Pourtant, on aurait pu s’attendre à ce que le rapport parlementaire sur Outreau suscite un réel débat sur de nombreuses questions relatives à la justice et à l’état de la société : la question de la séparation des carrières (mon article du 7 juin) ; ce qu’il convient d’entendre par responsabilité des magistrats (mon article du 28 juin) ; la manière dont les citoyens sont traités par l’Etat, dont la justice n’est qu’une composante, et les administrations en général (mon article du 9 mai) ; la question des "experts" et de la valeur scientifique de leurs avis ; le ministère d’avocat et l’aide juridictionnelle ; l’état de l’ensemble de la justice française, administrative comprise (mon article du 25 juin), et européenne (mon article du 28 juin) ; le décret du 1er août modifiant le Code de Justice Administrative (mon article du 4 août)... Et, plutôt qu’un mini-débat sur l’indépendance des juges par rapport à des justiciables sans fortune ni "relations", il conviendrait d’aborder globalement la question de l’indépendance de l’Etat et des responsables publics par rapport à toutes sortes de pouvoirs de fait et de réseaux (mon article du 1er août), ayant en vue notamment les incompatibilités, la séparation des carrières et la transparence. Quelles que soient les options politiques des parlementaires chargés de l’enquête sur l’affaire d’Outreau, et les opinions de chacun d’entre nous, le rapport public des députés aurait mérité, et mérite toujours, un approfondissement et un élargissement du débat à partir de leurs constatations, au lieu du silence et des attitudes réductrices auxquels il s’est heurté jusqu’à présent.

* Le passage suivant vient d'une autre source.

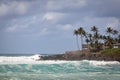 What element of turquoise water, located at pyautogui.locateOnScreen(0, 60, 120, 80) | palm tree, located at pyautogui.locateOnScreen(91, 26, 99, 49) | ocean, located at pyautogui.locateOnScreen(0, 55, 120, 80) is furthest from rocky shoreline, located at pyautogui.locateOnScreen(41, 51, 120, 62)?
turquoise water, located at pyautogui.locateOnScreen(0, 60, 120, 80)

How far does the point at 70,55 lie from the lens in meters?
89.8

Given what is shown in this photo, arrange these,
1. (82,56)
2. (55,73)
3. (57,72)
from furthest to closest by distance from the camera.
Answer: (82,56) → (57,72) → (55,73)

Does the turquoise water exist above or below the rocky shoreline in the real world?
below

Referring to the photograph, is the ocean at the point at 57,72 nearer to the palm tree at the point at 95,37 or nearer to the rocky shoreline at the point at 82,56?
the rocky shoreline at the point at 82,56

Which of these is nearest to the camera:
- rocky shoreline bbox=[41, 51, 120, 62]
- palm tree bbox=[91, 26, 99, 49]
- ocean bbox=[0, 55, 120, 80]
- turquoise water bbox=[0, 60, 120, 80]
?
turquoise water bbox=[0, 60, 120, 80]

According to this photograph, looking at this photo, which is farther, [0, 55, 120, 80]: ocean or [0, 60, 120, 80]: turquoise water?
[0, 55, 120, 80]: ocean

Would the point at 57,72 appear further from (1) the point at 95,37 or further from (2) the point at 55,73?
(1) the point at 95,37

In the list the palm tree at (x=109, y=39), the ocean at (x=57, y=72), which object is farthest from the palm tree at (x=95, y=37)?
the ocean at (x=57, y=72)

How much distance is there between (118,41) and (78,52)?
796 inches

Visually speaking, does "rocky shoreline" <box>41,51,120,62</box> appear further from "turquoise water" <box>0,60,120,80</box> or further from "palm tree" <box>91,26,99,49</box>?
"turquoise water" <box>0,60,120,80</box>

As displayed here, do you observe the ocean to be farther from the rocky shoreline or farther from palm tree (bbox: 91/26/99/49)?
palm tree (bbox: 91/26/99/49)

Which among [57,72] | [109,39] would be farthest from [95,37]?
[57,72]

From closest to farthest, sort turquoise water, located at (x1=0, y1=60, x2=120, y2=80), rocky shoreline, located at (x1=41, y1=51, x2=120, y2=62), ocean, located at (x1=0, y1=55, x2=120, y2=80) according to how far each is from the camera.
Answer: turquoise water, located at (x1=0, y1=60, x2=120, y2=80) < ocean, located at (x1=0, y1=55, x2=120, y2=80) < rocky shoreline, located at (x1=41, y1=51, x2=120, y2=62)

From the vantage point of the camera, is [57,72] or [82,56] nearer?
[57,72] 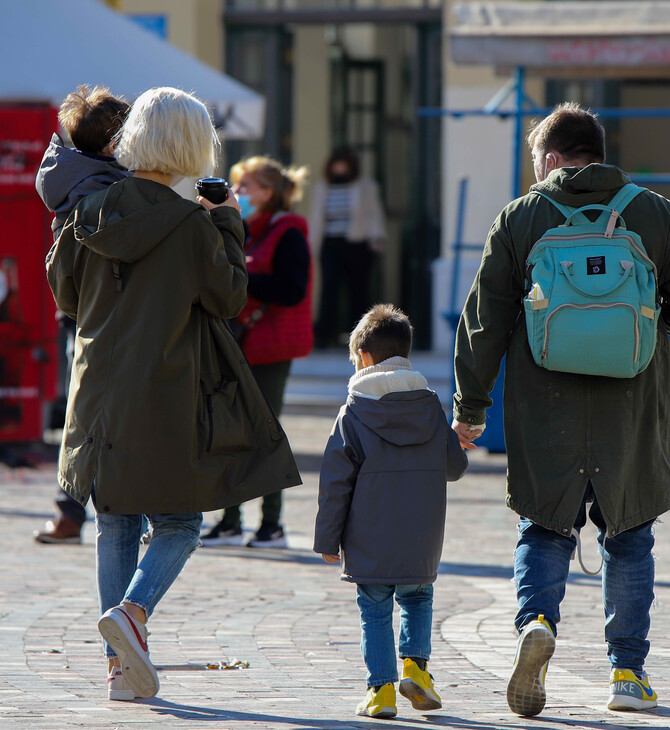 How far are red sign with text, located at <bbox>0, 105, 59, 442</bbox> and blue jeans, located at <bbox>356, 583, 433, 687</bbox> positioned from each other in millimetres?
5984

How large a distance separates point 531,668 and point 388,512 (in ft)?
1.86

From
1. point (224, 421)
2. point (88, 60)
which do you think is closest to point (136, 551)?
point (224, 421)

Quant au discours sur le "nécessaire délai de réflexion avant une réforme en profondeur de la justice", etc... il est tout sauf crédible. La justice a fait l’objet d’un nombre important de lois et de décrets au cours de la dernière décennie. Les ministres et parlementaires de toutes appartenances politiques n’avaient-ils pas réfléchi, avant de produire cet ensemble de dispositions tendant systématiquement à rendre notre justice plus sommaire, distante et difficile d’accès pour la grande majorité des Français ? Procédures "abrégées" de rejet des recours ; généralisation de l’obligation de ministère d’avocat devenue un filtre économique ; élimination de nombreuses demandes d’aide juridictionnelle sur la base d’un prétendu "manque de motifs sérieux", l’affaire au fond étant jugée de facto par le président du bureau d’aide juridictionnelle... Les "certitudes" que l’on reproche à tel magistrat dans l’affaire d’Outreau, ou les rejets en nombre des demandes de mise en liberté, ne sont au fond que le reflet d’une idéologie "gestionnaire" et de la prétendue "évidence" propagée par le législateur et le pouvoir politique via des discours, des mesures législatives et réglementaires, voire même des débats parlementaires. L’existence de dysfonctionnements graves dans l’affaire d’Outreau était connue depuis l’été 2004. Décideurs et politiques ont eu le temps de s’y pencher et de faire éventuellement leur autocritique. Mais c’est sans doute là que réside le blocage. Personne parmi les détenteurs du pouvoir et de l’influence ne semble tenir à ce que le débat aille plus loin.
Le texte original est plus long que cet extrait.